Exactly the line with "this 640×480 image." and the lines that follow it, through the closing line of the entries, should be restated, with nothing left out or added.

[Source data]
┌────────
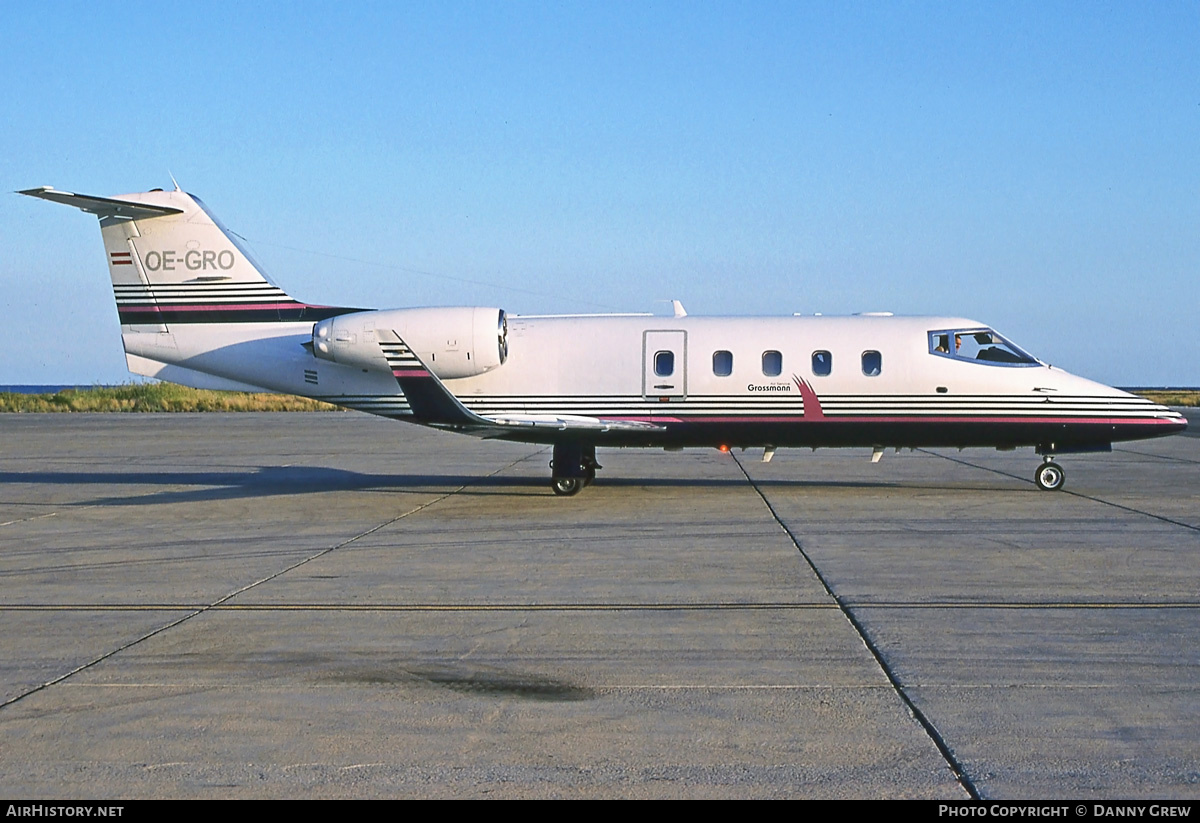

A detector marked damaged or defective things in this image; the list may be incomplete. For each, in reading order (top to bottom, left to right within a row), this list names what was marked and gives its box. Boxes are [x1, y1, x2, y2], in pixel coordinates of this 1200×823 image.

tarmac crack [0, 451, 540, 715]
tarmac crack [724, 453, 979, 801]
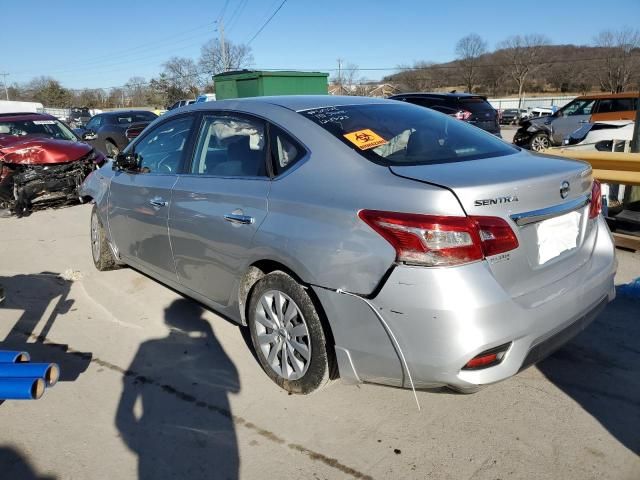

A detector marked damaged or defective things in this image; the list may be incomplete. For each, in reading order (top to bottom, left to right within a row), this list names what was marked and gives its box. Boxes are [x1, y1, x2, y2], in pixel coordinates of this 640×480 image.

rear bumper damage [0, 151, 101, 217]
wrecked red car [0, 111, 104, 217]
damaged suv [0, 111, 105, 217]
└────────
SOLUTION FOR THIS PROBLEM:
A detector marked damaged or defective things in this image; the list may be incomplete. For each, in reading order (top to bottom, left to right within a row), this list names what was marked and gives its box. Boxes are [x1, y1, x2, y2], in pixel coordinates of this 640×480 image.

rear bumper damage [0, 151, 101, 217]
wrecked red car [0, 111, 104, 217]
damaged suv [0, 111, 105, 217]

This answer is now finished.